*** Begin section ***
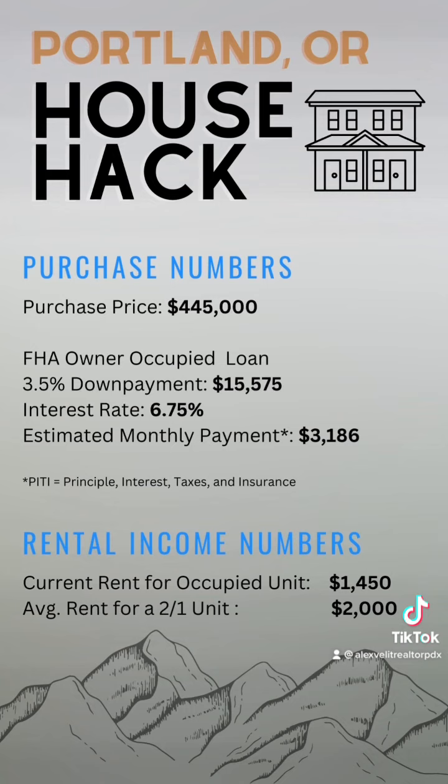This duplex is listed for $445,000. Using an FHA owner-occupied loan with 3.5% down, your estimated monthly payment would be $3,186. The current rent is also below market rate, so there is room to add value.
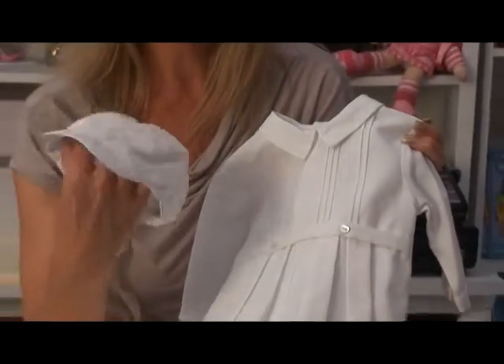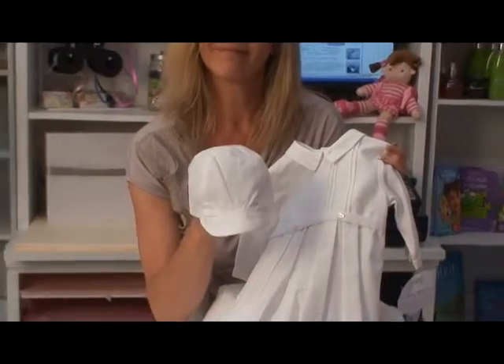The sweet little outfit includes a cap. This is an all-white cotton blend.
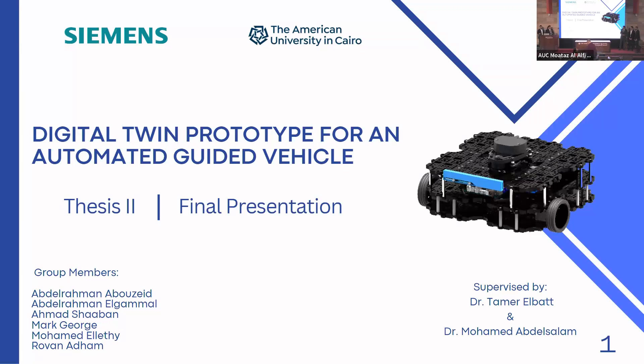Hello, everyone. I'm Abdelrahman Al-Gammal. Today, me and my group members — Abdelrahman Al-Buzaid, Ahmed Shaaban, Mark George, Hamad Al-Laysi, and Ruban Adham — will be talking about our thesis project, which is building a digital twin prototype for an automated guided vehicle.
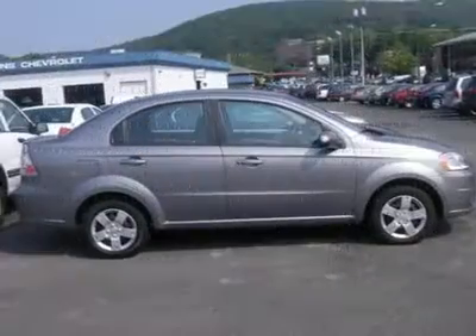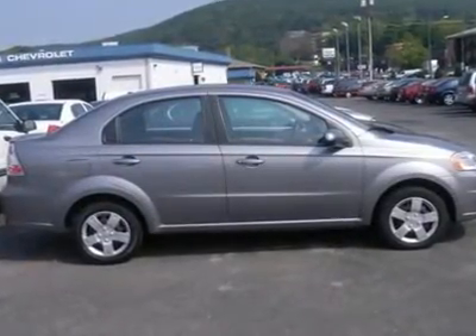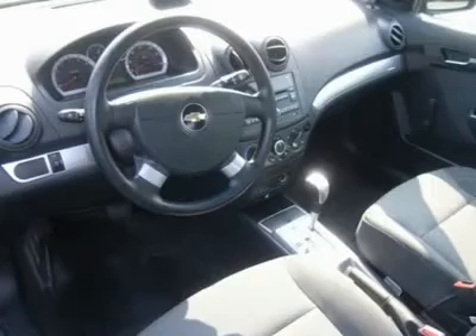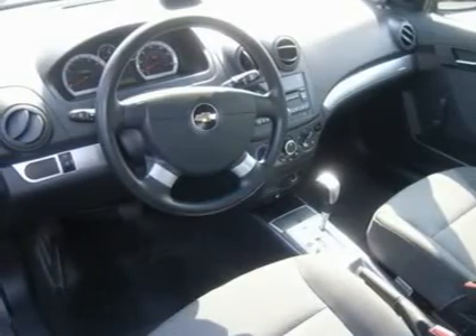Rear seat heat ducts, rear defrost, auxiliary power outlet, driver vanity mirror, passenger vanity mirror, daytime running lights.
*** End section ***
◆ Requirement: This exercise asks for the data above to be given again exactly, without pictures.

◆ Task output:
This duplex is listed for $445,000. Using an FHA owner-occupied loan with 3.5% down, your estimated monthly payment would be $3,186. The current rent is also below market rate, so there is room to add value.
The sweet little outfit includes a cap. This is an all-white cotton blend.
Hello, everyone. I'm Abdelrahman Al-Gammal. Today, me and my group members — Abdelrahman Al-Buzaid, Ahmed Shaaban, Mark George, Hamad Al-Laysi, and Ruban Adham — will be talking about our thesis project, which is building a digital twin prototype for an automated guided vehicle.
Rear seat heat ducts, rear defrost, auxiliary power outlet, driver vanity mirror, passenger vanity mirror, daytime running lights.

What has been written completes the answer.